What this Mayor and Manager and Council have recognized, finally, is that Taos Plaza can only be revived if both the locals and visitors have reason to visit the historic center of Town. Central to the success of this endeavor is the Old County Courthouse, shops, offices, and the courtroom as lecture, meeting room, and performing arts space.

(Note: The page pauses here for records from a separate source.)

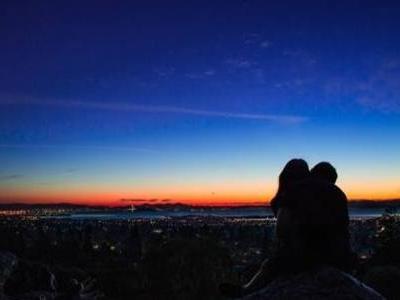 接吻的时候会有口臭吗？接吻的时候心跳加速说明什么？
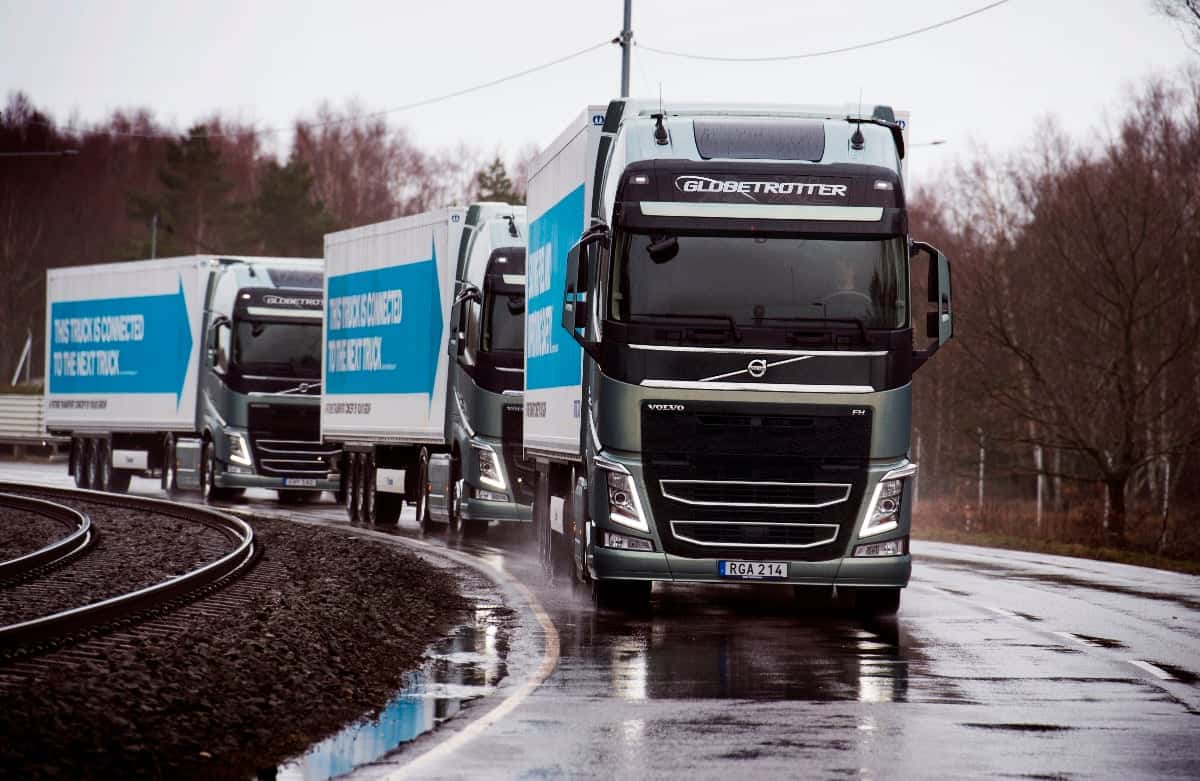 Polonia se ridică împotriva Ucrainei. Camionagii au blocat încă un punct de trecere a frontierei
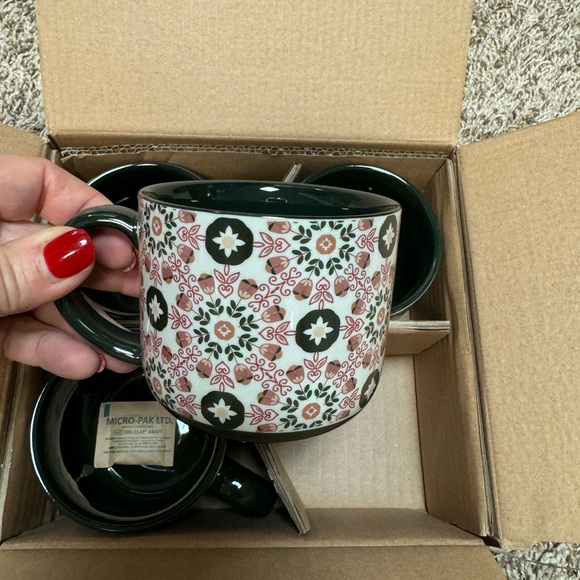 Chic & Tonic Cups Artistic Print with Vintage Flair Set Of 4 Coffee Tea Mugs - Picture 5 of 5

From listening to the meeting last night and a presentation by the McFaddens of Blue Sky Productions, which has focused on presenting arts and crafts fairs for twenty-six years, whether on the Plaza or in Kit Carson Park, it is apparent that interest in “arts and crafts” is on the wane. In all probability, the Council and Manager will try and reduce the number of fairs from six (Chamber, CAV, Blue Skies, two each annually) to three, possibly combing efforts in an attempt to produce larger fairs but fewer times a year. Anecdotal evidence suggests far more local artisans and shopkeepers participate in the fairs than was previously known. The results are mixed. Some booth operators and local “brick and mortar” shops do well during these events, some less well. It’s a question, really, of tourist numbers.
Taos needs more tourists and buyers. And the recalcitrant Taos Plaza Merchants, which are about the most idiosyncratic bunch in town, vary in their perceptions and opinions. Retail is down for most shops. As we know the new demographic is younger and more oriented toward recreation, music, restaurants, and “things to do.” The previous generation of collectors and buyers, including the T-shirt and tchotchke crowd, has declined in number but many local merchants have yet to adjust to changing habits.
A B&B owner told me yesterday that in comparison to the past, her customers are increasingly young and restless. The new visitor stays for two or three days then it’s off to Moab or Santa Fe. Some ride bicycles at the Gorge, some fish, some raft, some ski, some drink tasty brew at Taos Mesa Brewing or dine on organic lovelies at The Love Apple. They hike in the desert and mountains. Some ask, “Where’s the action?” Finding none, they skedaddle.
But these visitors don’t buy art as a rule or T-shirts like an older generation of visitors. While the community in general needs to maintain its historic and cultural appeal, whether in some galleries or at the excellent local museums, the merchant community, especially on the Plaza itself, needs a dose of “cool” and “hipness.” We need to maintain the elements of history and culture that make Taos fascinating but must open up the community to the next generation of imaginative culture producers. So where’s the avant-garde?
Big Dan Barrone, the lumberjack, and Rick Bellis, who dresses like a refugee from 70s era New Jersey, seem passionate about experimenting and offering solutions to the current merchant miasma. While the private sector sleeps, government must step up to the plate. We need to back up these guys as they try and change the status quo.